¿Qué cirugías estéticas se pueden realizar simultáneamente?
Es posible combinar ciertos procedimientos estéticos quirúrgicos en una sola intervención, siempre que se evalúe cuidadosamente la seguridad del paciente, la complejidad técnica de cada cirugía, la duración total de la operación y la capacidad de recuperación. Algunas combinaciones frecuentes y médicamente aceptadas incluyen: ritidectomía (lifting facial) con blefaroplastia superior e inferior, rinoplastia con mentoplastia o lifting cervical, y abdominoplastia con liposucción de flancos o caderas. También es común asociar una mastopexia con implantes mamarios, siempre que el estado general del paciente sea óptimo y no existan contraindicaciones como obesidad mórbida, tabaquismo activo, enfermedades cardiovasculares descontroladas o alteraciones de la coagulación.
No obstante, la decisión de realizar múltiples cirugías simultáneamente debe tomarse de forma individualizada, tras una evaluación integral por parte de un cirujano plástico certificado y en coordinación con otros especialistas si es necesario (por ejemplo, anestesiólogo, cardiólogo o neumólogo). Factores clave a considerar son la edad del paciente, su reserva fisiológica, el tiempo quirúrgico estimado (se recomienda no superar las 6 horas en procedimientos electivos para minimizar riesgos), la vía de acceso anatómica compartida y la carga inflamatoria postoperatoria acumulada. Combinaciones demasiado extensas —como lifting facial completo, abdominoplastia y aumento mamario en un solo acto— incrementan significativamente el riesgo de complicaciones como tromboembolismo venoso, infección, retraso en la cicatrización o necesidad de reintervención.

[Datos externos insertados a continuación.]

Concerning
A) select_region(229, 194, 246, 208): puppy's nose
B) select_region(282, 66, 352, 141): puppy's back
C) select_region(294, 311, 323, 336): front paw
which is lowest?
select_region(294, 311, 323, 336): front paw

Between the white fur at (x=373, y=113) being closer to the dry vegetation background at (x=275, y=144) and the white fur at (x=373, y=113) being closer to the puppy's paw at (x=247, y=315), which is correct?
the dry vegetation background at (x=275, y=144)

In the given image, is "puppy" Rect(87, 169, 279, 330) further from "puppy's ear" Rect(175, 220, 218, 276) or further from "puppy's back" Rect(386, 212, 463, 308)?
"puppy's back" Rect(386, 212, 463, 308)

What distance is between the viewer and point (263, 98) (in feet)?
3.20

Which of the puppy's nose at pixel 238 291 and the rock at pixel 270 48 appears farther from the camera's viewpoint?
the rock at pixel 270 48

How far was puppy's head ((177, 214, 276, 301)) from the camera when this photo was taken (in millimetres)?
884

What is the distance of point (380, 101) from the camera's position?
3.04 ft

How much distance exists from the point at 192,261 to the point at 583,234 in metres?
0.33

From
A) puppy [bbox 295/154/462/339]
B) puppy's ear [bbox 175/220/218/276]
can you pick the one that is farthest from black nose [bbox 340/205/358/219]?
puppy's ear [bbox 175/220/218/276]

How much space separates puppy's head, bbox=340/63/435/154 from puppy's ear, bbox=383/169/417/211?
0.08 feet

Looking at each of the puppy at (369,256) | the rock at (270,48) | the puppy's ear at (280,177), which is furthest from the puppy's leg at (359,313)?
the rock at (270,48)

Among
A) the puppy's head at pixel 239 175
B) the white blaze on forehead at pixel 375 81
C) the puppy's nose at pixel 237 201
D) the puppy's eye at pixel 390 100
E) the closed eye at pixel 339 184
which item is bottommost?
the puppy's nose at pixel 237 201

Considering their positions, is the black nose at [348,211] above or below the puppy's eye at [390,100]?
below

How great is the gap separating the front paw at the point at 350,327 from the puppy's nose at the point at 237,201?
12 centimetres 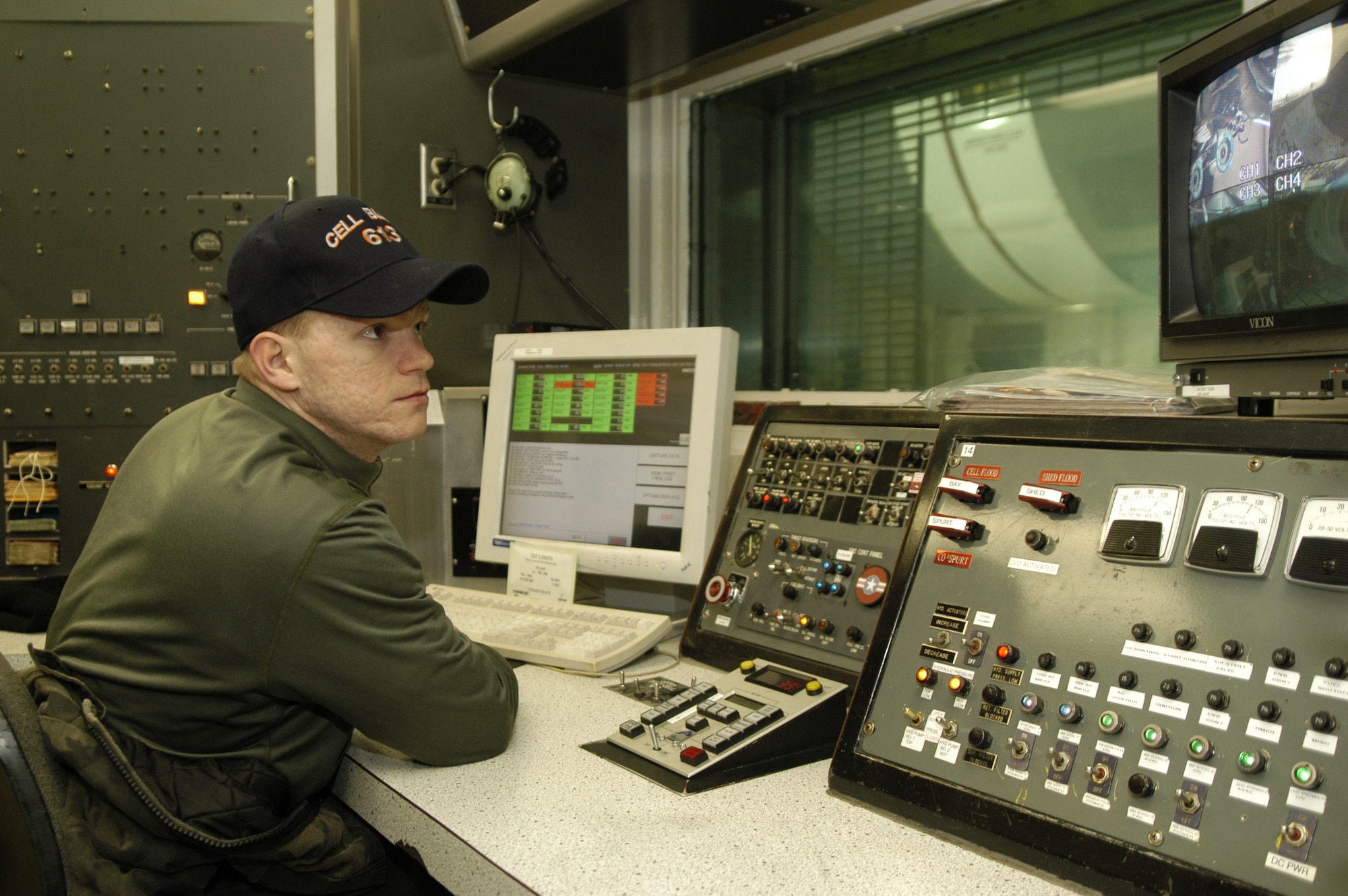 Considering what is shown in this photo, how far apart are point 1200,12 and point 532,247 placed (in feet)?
4.33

En resumen, la simultaneidad de cirugías estéticas es factible y frecuente en la práctica clínica, pero jamás debe priorizarse la conveniencia logística sobre la seguridad del paciente. El objetivo primordial es garantizar resultados estéticos armoniosos sin comprometer la integridad fisiológica ni aumentar innecesariamente la morbilidad perioperatoria.